- ICH GCP
- US Clinical Trials Registry
- Clinical Trial NCT04016792
Classroom Study of SPN-812 in Children With ADHD
September 17, 2019 updated by: Supernus Pharmaceuticals, Inc.
An Analog Classroom Study: Efficacy and Safety of SPN-812 in Children With Attention-Deficit/Hyperactivity Disorder
This study will evaluate the efficacy and safety of SPN-812, an extended-release formulation of viloxazine, compared to placebo in children in an analog classroom setting.
Study Overview
Detailed Description
This is a Phase 3, randomized, double-blind, placebo-controlled, parallel-group, 2-arm, analog classroom study to evaluate the efficacy and safety of 200 mg/day SPN-812 compared to placebo in the treatment of children aged 6 through 11 years with ADHD.
Study Type
Interventional
Phase
- Phase 3
Participation Criteria
Researchers look for people who fit a certain description, called eligibility criteria. Some examples of these criteria are a person's general health condition or prior treatments.
Eligibility Criteria
Ages Eligible for Study
6 years to 11 years (CHILD)
Accepts Healthy Volunteers
No
Genders Eligible for Study
All
Description
Inclusion Criteria:
- Male and female subjects, 6 to <12 years of age at screening.
- Primary diagnosis of ADHD (inattentive, hyperactive, or combined presentation) or ADHD with comorbidity of mild to moderate oppositional defiant disorder (ODD) according to the DSM-5, confirmed with the MINI-KID at screening.
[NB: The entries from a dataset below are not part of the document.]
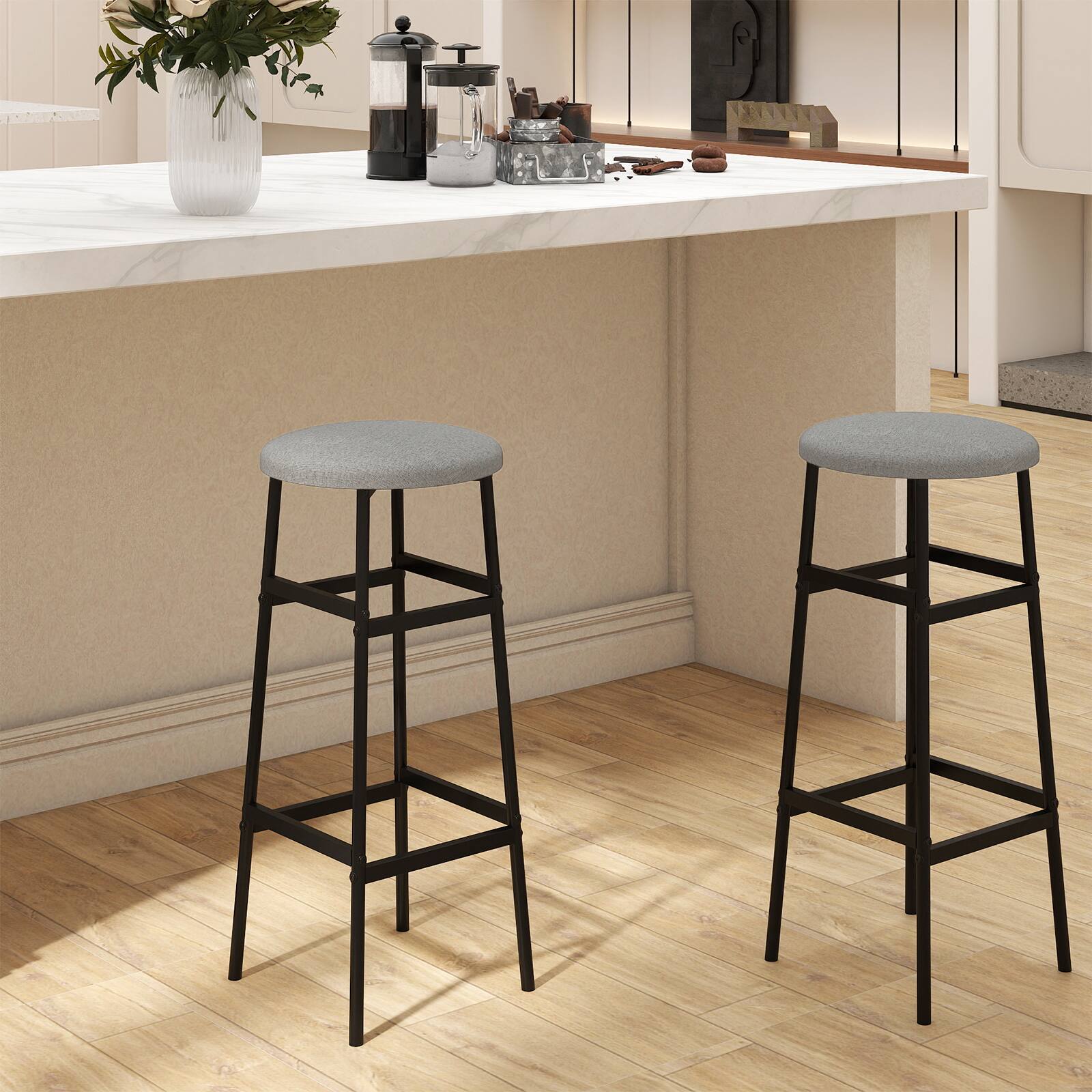 Alt View 1. Gymax - Gymax Bar Stools Set of 2 w/ Sturdy Metal Frame and Footrest for Kitchen Island Black & Gray - Grey.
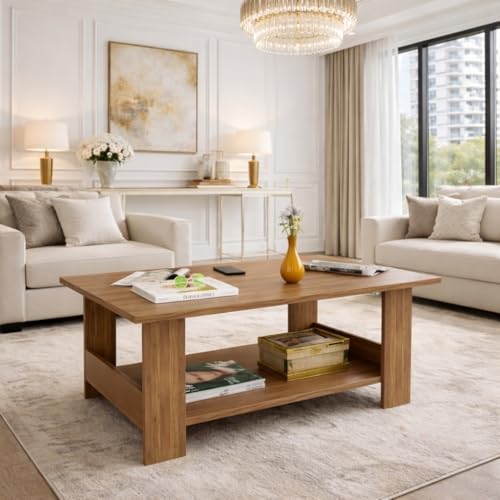 Image of Spyder Craft Modern Coffee Table with Open Storage Shelf - Minimalist Rectangular Center Table for Living Room, Office, and Lounge - Durable Engineered Wood, Easy Assembly (Wood Brown) (Assembly -DIY)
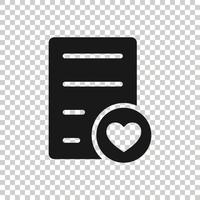 Wishlist icon in flat style. Like document vector illustration on white isolated background. Favorite list business concept.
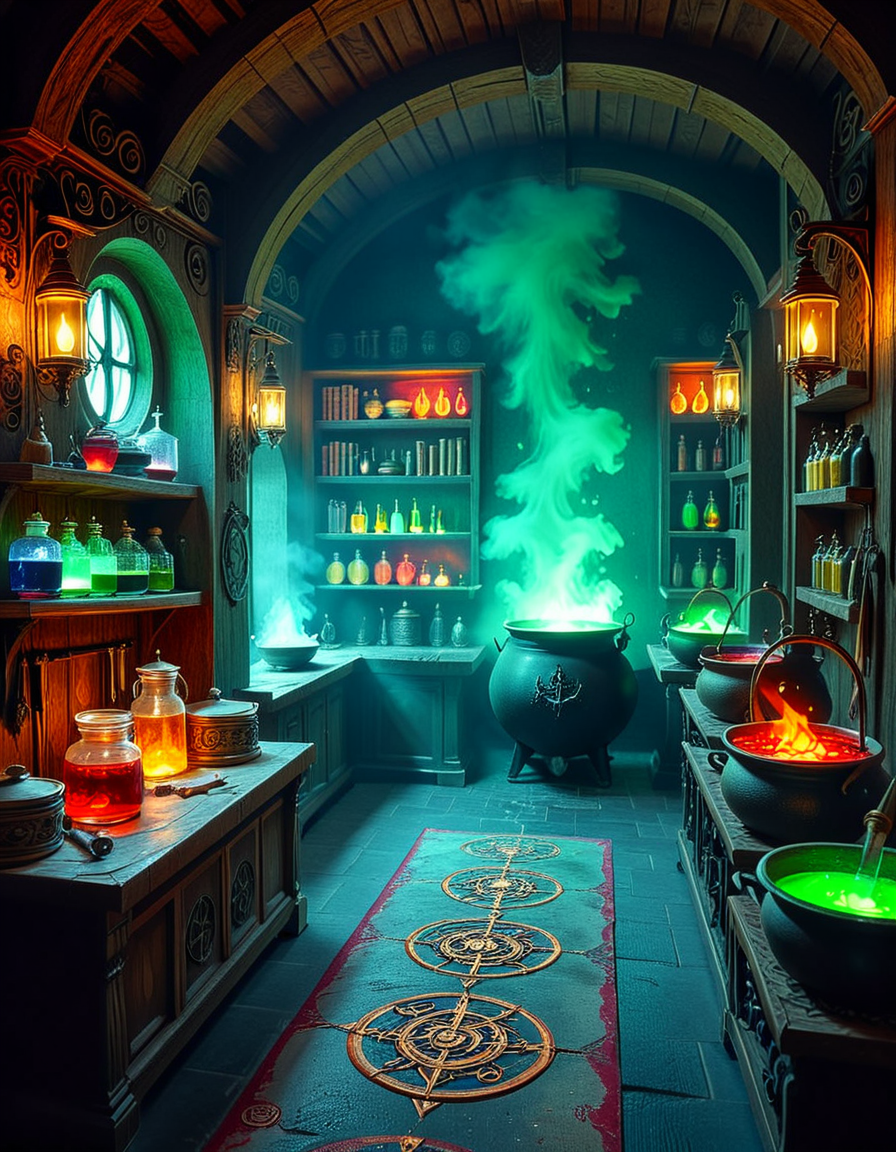 Hidden deep within the necromancerâs infernal domain lies a nightmarish kitchen, a grotesque fusion of alchemical laboratory and sacrificial chamber. The walls are carved from blackened bone and obsidian, pulsating faintly with necrotic energy. Faint green flames flicker in sconces made from twisted skeletal hands, casting eerie shadows across the macabre workspace. The air is thick with the scent of decay, ash, and something far worseâan indescribable aroma of corruption and dark magic.
At the center, a massive butcherâs table, scarred and stained with centuries of dried blood, serves as the primary workstation. Rusted, jagged knives, bone saws, and crude flesh-carving tools hang from hooks, their edges glistening with fresh remnants of something recently prepared. Nearby, grotesque cauldrons bubble with viscous, unnatural liquidsâblack ichor, boiling crimson blood, and glowing green elixirs swirl together, each concoction releasing haunting whispers as if infused with trapped souls.
Suspended from the ceiling, enormous iron hooks hold skinned carcassesâsome humanoid, others unrecognizable abominations stitched together from various creatures. Skeletal constructs, animated by unseen forces, mindlessly tend to the kitchen, stirring bubbling cauldrons and grinding unknown ingredients into fine powders using ancient, rune-etched mortars and pestles.
Along the walls, towering shelves hold disturbing "ingredients" sealed in glass jars: floating, disembodied eyes that track movement, severed hands that twitch sporadically, and writhing black worms that exude a thick, putrid slime. Bundles of dried, withered herbsâsome glowing faintly with infernal energyâhang from the rafters, alongside strips of preserved flesh, their origins best left unspoken.
In one corner, a massive, rune-inscribed oven burns with an unnatural, ghostly blue flame. The heat does not come from firewood but from the tormented souls bound within, their agonized wails fueling its endless infernal blaze. A massive iron cauldron sits atop a cracked stone hearth, where a thick, bubbling stew churnsâits surface occasionally breaking as something beneath struggles, clawing weakly before sinking back into the depths.
This is not a place for feastingâit is a workshop of the grotesque, where ingredients are harvested, flesh is repurposed, and the very essence of undeath is distilled into unholy nourishment. No living creature eats hereâonly the dead, the damned, and the things that should not be.
Style & Mood :
- Dark fantasy, gothic horror, necromantic aesthetics
- Cinematic, high-detail, eerie lighting
- Infernal atmosphere, filled with shadows, glowing green and crimson energy, and grotesque details
- Inspired by the works of ZdzisÅaw BeksiÅski, H.R. Giger, and dark medieval sorcery
<lora:SDXLFaeTastic2400:0.4> <lora:extremely_detailed:0.4> extremely detailed, <lora:mysterious_4lch3my_sh0p:1> mysterious 4lch3my sh0p <lora:nightmarish_k1tch3n:1>,nightmarish k1tch3n, Masterpiece,best quality,hi res,8k,hi res,8k,award winning,(sharp focus, intricate, highly detailed),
- ADHD-RS-5 (Home Version: Child, Investigator Administered and Scored) score ≥28 at screening and at baseline (can be assessed 1 to 2 days before Visit 3).
- CGI-S score ≥ 4 at baseline (can be assessed 1 to 2 days before Visit 3).
- Body weight ≥ 20 kg.
- Free of medication for the treatment of ADHD for at least 1 week prior to randomization and agreement to remain so throughout participation in the study.
- Have the ability to complete PERMP assessments by qualifying for at least the Basic level at screening (see Section 6.1.2).
- Considered medically healthy by the Investigator via assessment of physical examination, medical and psychiatric histories, clinical laboratory tests, vital signs, and ECG.
- Written informed consent obtained from the subject's parent or legal representative, and written informed assent (if applicable) obtained from the subject.
- Subject and parent(s)/legal guardian(s) are willing and able to comply with all of the procedures and requirements defined in the protocol, including parents(s)/legal guardian(s) oversight of the morning dosing of SM.
- Subject has lived with the same parent(s)/legal guardian(s) for > 6 months.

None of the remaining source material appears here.